Wir spüren die Gewichte, die sich an uns hängen. Wir sehen die unabänderlichen Taten, erahnen irreparable Fakten, sehen Felsblöcke, die den Weg nach vorn versperren. 

Vieles türmt sich da auf. Gott kennt unser Register. Viel besser als die Flensburger Sünderdatei uns kennt. Bei ihm laufen alle Daten zusammen.

Und was tut Gott? ...und rechnete ihnen ihre Sünden nicht zu! Menschen rechnen genau auf und ab. Einer treibt beim anderen die Schuld ein. Doch Gott rechnet nicht! Alles Auf- und Abrechnen hat bei ihm ein Ende.

So auch Jesus. Schuld eintreiben, Auf- und Abrechnen waren ihm fremd. Dem Sünder nachgehen, ihn befreien, erlösen, entlasten, ihm vergeben: Davon hat er erzählt, das hat er in seinen Taten gelebt...... damit wir in ihm die Gerechtigkeit würden, die vor Gott gilt. So versöhnt er die Welt mit sich selber.

... er hat den, der von keiner Sünde wusste, für uns zur Sünde gemacht. Warum das? Warum genügt dies nicht: ...und rechnete ihnen ihre Sünden nicht zu? Warum kann Gott nicht ein Auge zudrücken und Fünfe gerade sein lassen? Wenn Gott die Übertretungen nicht anrechnet, dann ist doch alles gut. Was soll dieser Kreuzestod?

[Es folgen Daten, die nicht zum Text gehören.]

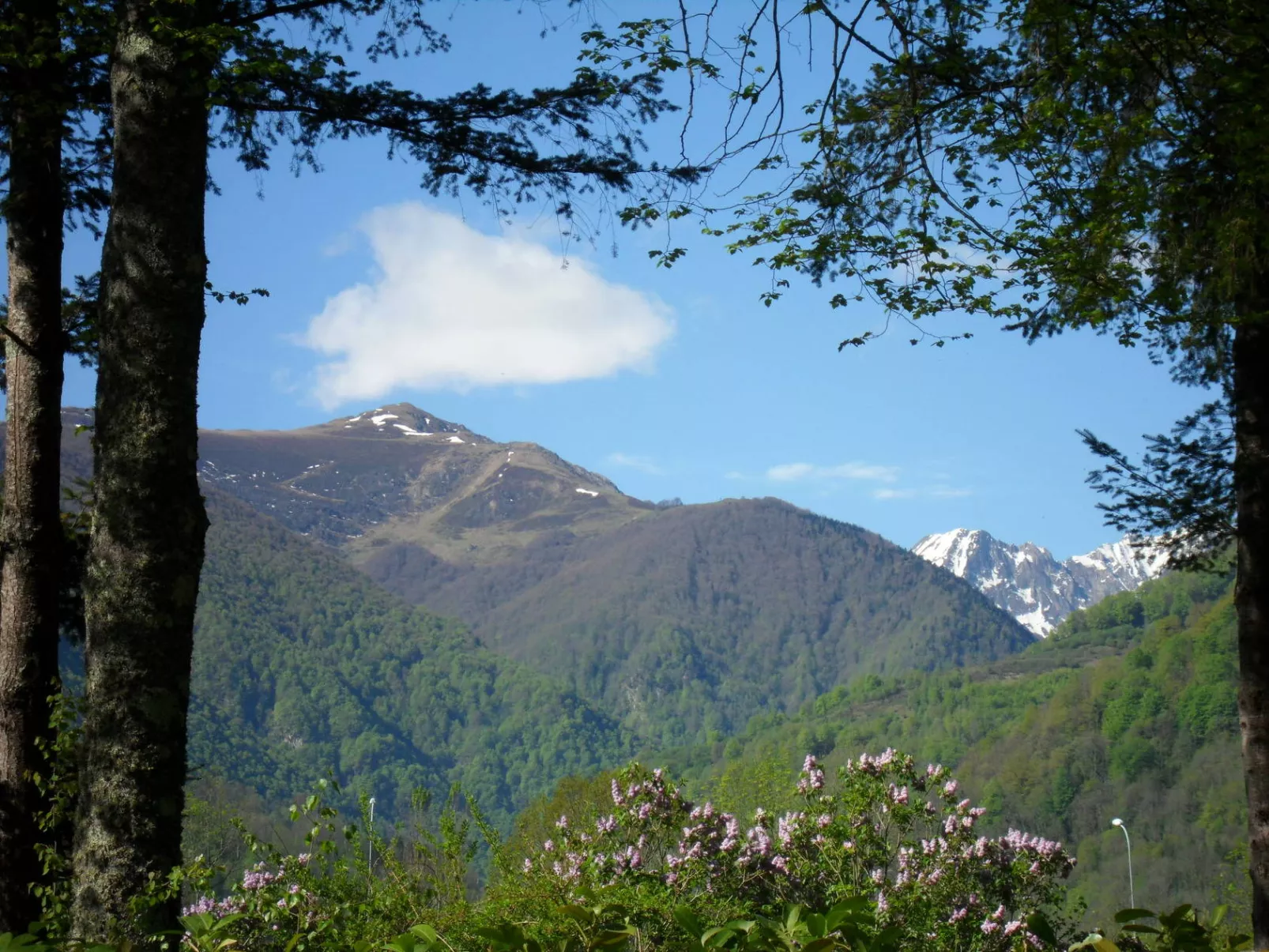 Camping Le Haut Salat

Der von keiner Sünde wusste, wird selber zur Sünde. Gott vergibt dem Sünder, aber er verharmlost nicht die Sünde. Sünde zerstört. Sie wird nicht unschädlich durch Ignorieren. Und erst recht nicht durch Verdrängen.

Wie ein fortdauernder Teufelskreis schafft die Sünde immer neue Opfer und erzwingt unermessliches Leid. Gott aber weigert sich, das Lebenswidrige hinzunehmen. Er entlarvt die Scheußlichkeit der Sünde - am Kreuz. Der von keiner Sünde weiß, wird zur Sünde gemacht. Nicht der Sünder, die Sünde hängt am Kreuz. Alles Böse, aller Schrecken, alle Verdammnis ist Christus auf den Leib geschrieben. Alle Gottverlassenheit wird in ihm konkret.

Christus stirbt wie er gelebt hat. Versöhnung war seine Mission. Sie führte ihn in Feindesland, in die Welt der Sünde. Doch die Liebe erträgt nichts, ohne darunter zu leiden.

Am Kreuz hängt Gott. Für alle sichtbar, verborgen unter seinem Gegenteil: in Torheit, Schwachheit, Leid und Sterblichkeit. Der von keiner Sünde weiß, wird zur Sünde gemacht. Wie ein giftiges Insekt lässt die Sünde ihren tödlichen Stachel im Leib Christi zurück.

Gott hängt am Kreuz. Wo immer wir nun hinkommen, was immer uns überfällt und widerfährt - Gott ist schon da. Auch in der größten Verlassenheit. Er ist in Christus da und kennt unsere Angst.

Karfreitag. Im Mittelpunkt steht das Kreuz. Es ist unser Hoffnungszeichen.

III

So bitten wir nun an Christi Statt: Lasst euch versöhnen mit Gott!

Lasst euch versöhnen mit Gott! Gott braucht kein Opfer, Gott muss kein Blut sehen, um versöhnt zu werden. Im Gegenteil! Er bittet um Versöhnung! Gott fordert nicht, er bittet um Gemeinschaft - in der Sprache der Liebe. Der Herr aller Herren, Schöpfer aller Dinge kommt zu uns und bittet...

Bittet die um Versöhnung, die ihn links liegen lassen, ohne ihn auskommen wollen, ihn gar verschmähen. Sünder sind eigenmächtig. Sie tun sich schwer, Gott für sich da sein zu lassen. Eigenmächtige Selbstversorger trauen der Liebe nichts zu. Aber gerade sie bittet Christus: Lasst euch versöhnen mit Gott!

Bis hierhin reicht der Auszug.